# [Goal of the exercise]
Hand back every line from the beginning of the data below through the line containing "La condenada por", word for word and free of pictures.

(Web page caption snippets)
#####

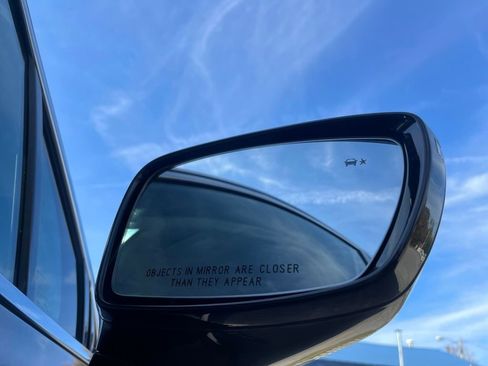 Used 2021 Buick Enclave Essence image 10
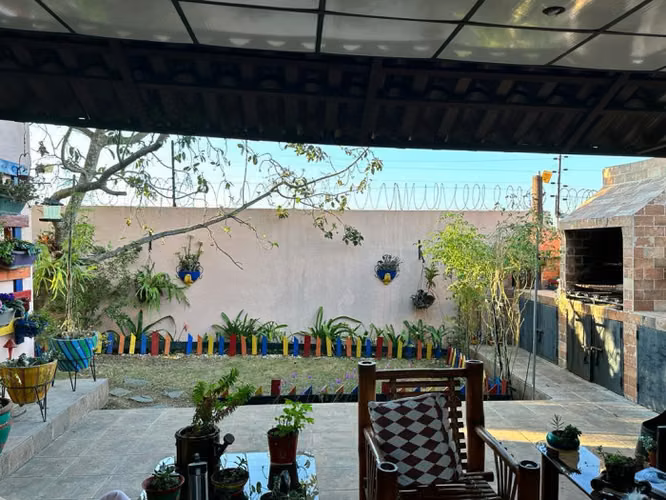 Casa de 2 niveles en Venta en Cuesta Hermosa III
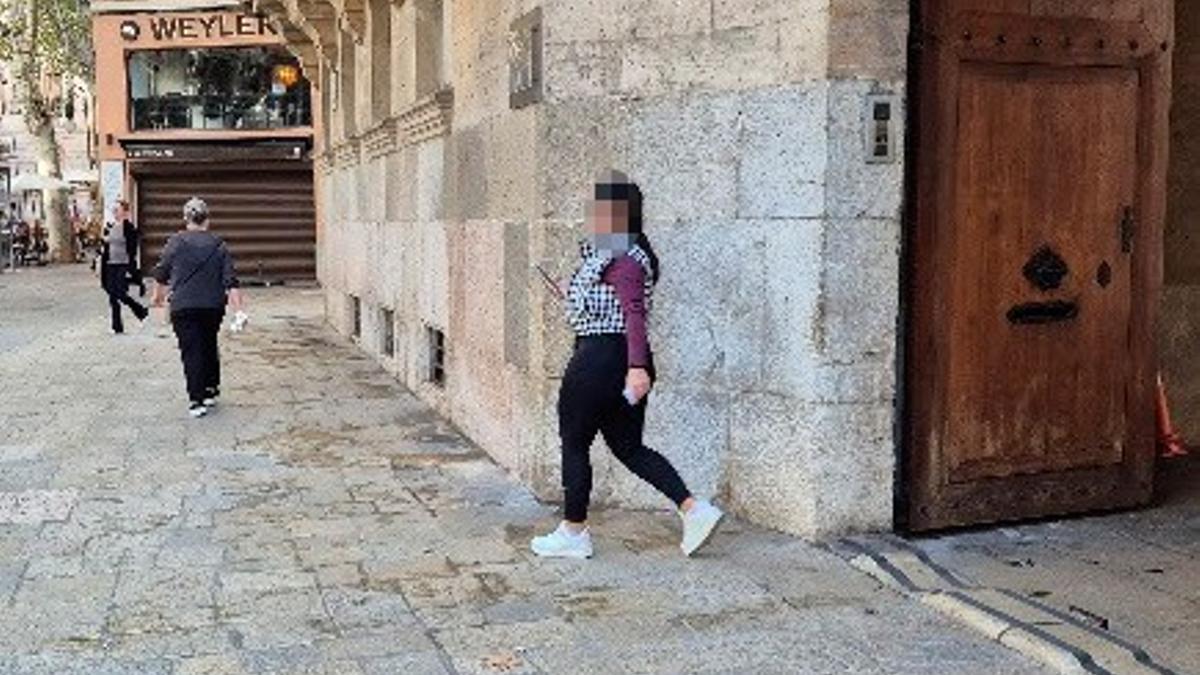 La condenada por intento de homicidio al abandonar la Audiencia de Palma tras el juicio.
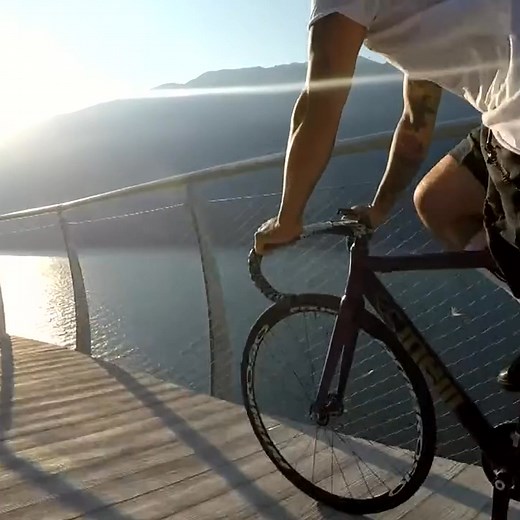 Radweg entlang des Gardasees bei Limone 🚴🥰 Das Projekt „Garda by Bike” hat sich zum Ziel gesetzt, einen spektakulären 140 km langen Radweg rund um den Gardasee zu schaffen. Seit dem Start im Jahr 2018 sind bereits mehrere Abschnitte fertiggestellt, darunter der schöne Abschnitt bei Limone (von Limone sul Garda nach Capo Reamol), der wie ein Balkon über dem Wasser hängt und oft als „die schönste Radroute Europas” gepriesen wird. Auch die Strecke Riva del Garda–Torbole ist nun größtenteils geöff
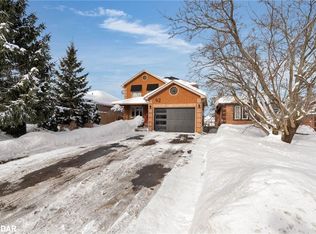 92 Irwin Dr, Barrie, ON L4N7A8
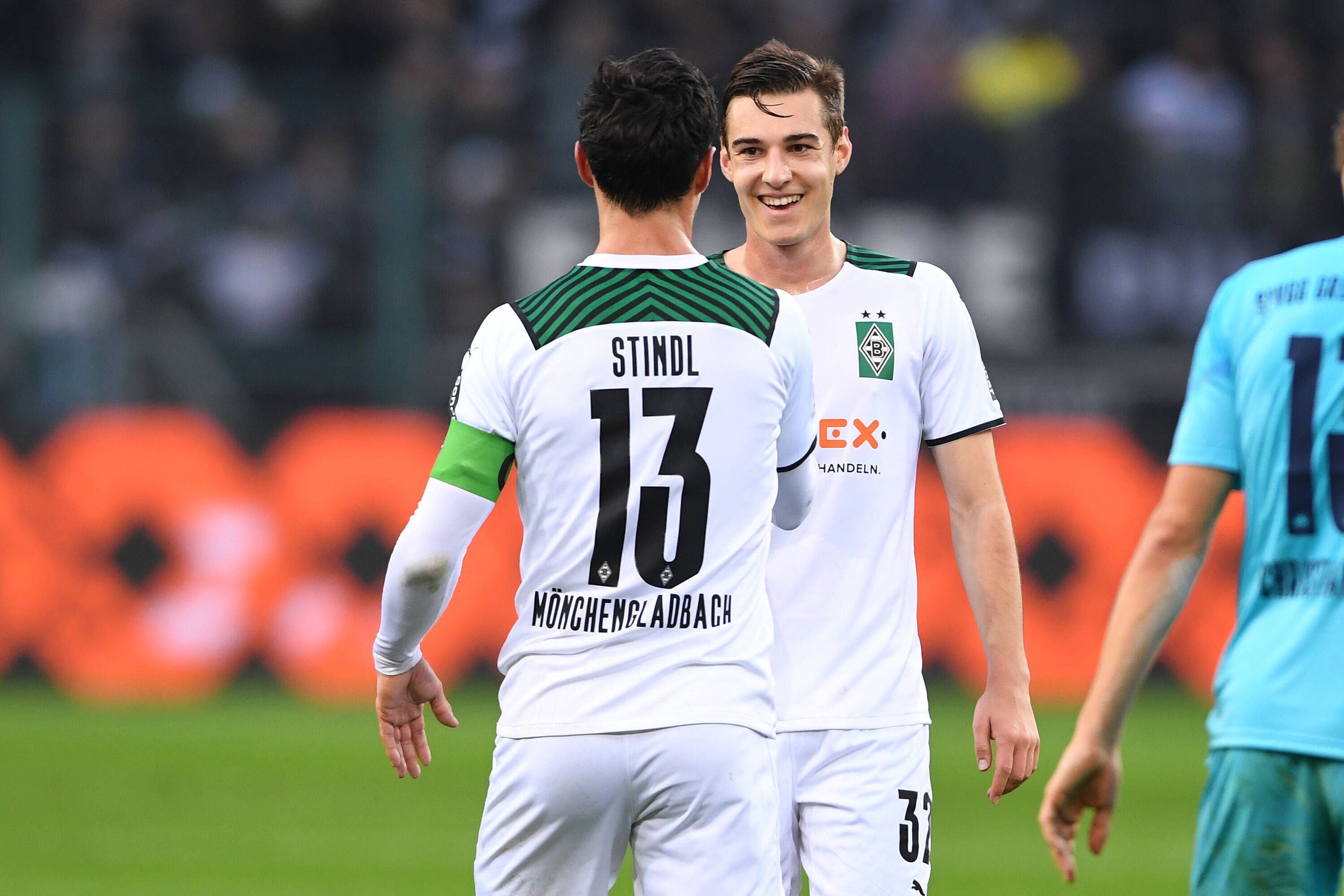 Kapitän Lars Stindl (l.) gratuliert seinem Team-Kollegen Florian Neuhaus (r.) zu dessen Kunstschuss-Tor beim 4:0-Sieg von Borussia Mönchengladbach gegen Greuther Fürth am 20. November 2021 im Borussia-Park. Neuhaus lacht.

#####

# [Response to the exercise]
 Used 2021 Buick Enclave Essence image 10
 Casa de 2 niveles en Venta en Cuesta Hermosa III
 La condenada por intento de homicidio al abandonar la Audiencia de Palma tras el juicio.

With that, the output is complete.